The database-driven approach also offers better scalability. Although in the XML model simple horizontal scalability is obtainable by simply running the pipeline on several machines simultaneously with different document sets, there is still the problem of combining various sets of documents into a single coherent set for later search. With the database model, sentences are added to the database as soon as it is clear which sentences are of interest, so the problem of having many different files with no particular way of managing them is eliminated. In addition there is much greater control over how the sentences are annotated. In the XML pipeline model either the annotation processes run in parallel as an actual UNIX pipeline, or they in series, producing a temporary file after one or more steps. In either case, there is no provision to limit the amount of resources used by any particular node participating in the annotation process or for any particular node only to perform one kind of annotation task. Furthermore, the data is tied to a particular node. With the database model, each node can be assigned to start only as many processes as it can handle, and different tasks can be assigned to different nodes. More than one node can participate in the same annotation task; the to-do table mechanism coordinates which computers perform which tasks. Data and computation are kept separate so that any node can annotate any sentence.

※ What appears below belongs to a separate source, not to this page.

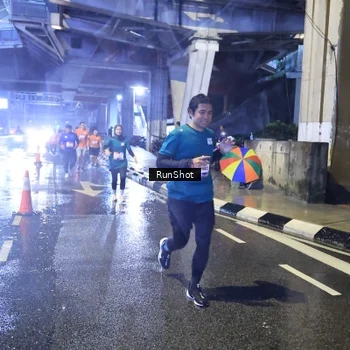 Runner Photo 7921449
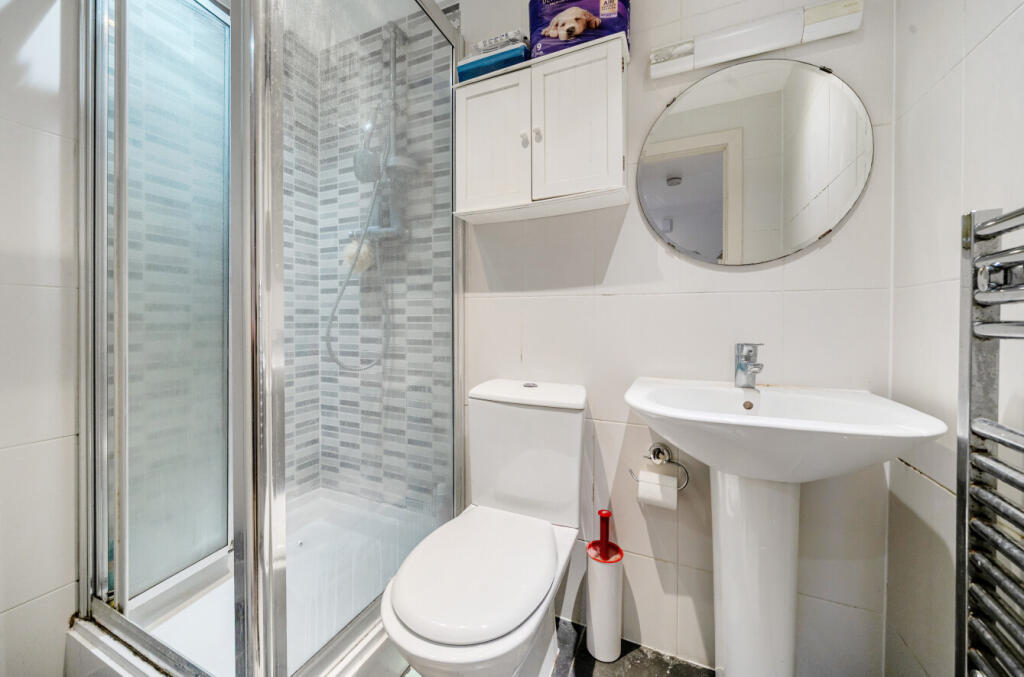 1300190-10-684ff7...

Hughes and Bird describe what they call a ``Grid-Enabled'' framework for natural language engineering in which data sources and processing components register with a resource discovery agent to provide something like GATE that is much more scalable . Their framework retains generality by using Semantic Web-style metadata to allow resources to identify each other; this adds a layer of complexity not necessary for a more controlled setting.
The limitation to how well the database-driven approach scales is the time it takes to move the data to be annotated across the network versus how long it takes to perform the annotation. Unlike Hughes and Bird's project, which needed to annotate large audio files, all of our annotation is done on fairly small chunks of text. Even on a 2.0 GHz Pentium 4, the Charniak parser averages several seconds per parsed sentence. Time to retrieve sentences from the database is kept down by the fact that both the main sentences table (which holds the input data) and the to-do tables are sorted in order of the sentence's insertion into the database, so retrieving sentences for annotation does not generally involve large numbers of random lookups to the main sentences table. This also means that even if multiple nodes request sentences from different to-do tables, it is likely that the number of disk blocks needing to be read at a particular point in time will be proportional to the number of annotation tables rather than the number of nodes or number of sentences being retrieved. For tasks where the database retrieval and network transfer time overwhelm the actual annotation time, it is likely that the task is a fairly trivial one which might be better combined with one or more other tasks.

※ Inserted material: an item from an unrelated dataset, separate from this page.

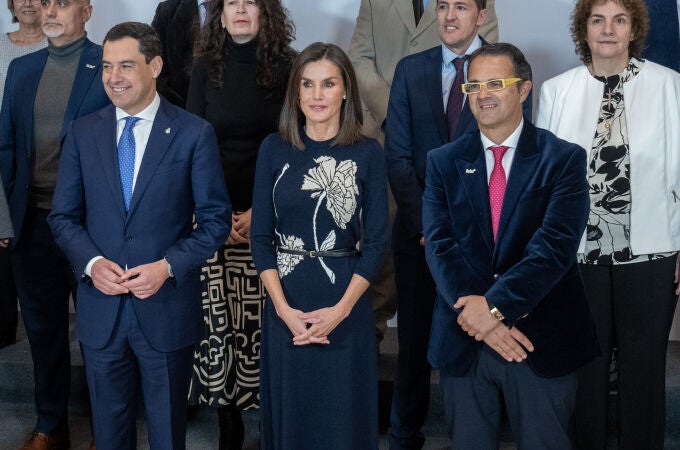 El look de la Reina Letizia en Sevilla.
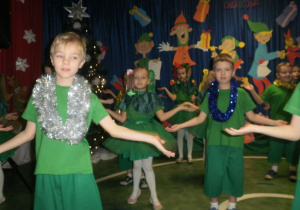 Dzieci przebrane za choinki prezentują układ choreograficzny.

It would also be feasible to add another layer of scalability and allow multiple database nodes. In this case the simplest approach to maintaining consistency would be to have a top-level node that assigns a particular database to incoming sentences and provides information to annotation nodes about which databases have sentences ready to annotate for particular tasks; this would be similar to the resource discovery agent mentioned by Hughes and Bird. In addition, most of the logic for adding and removing sentences from to-do tables is in the annotation client; moving this logic to the database could provide some benefit by not needing to explicitly perform additional SQL queries each time sentences are requested or successfully annotated.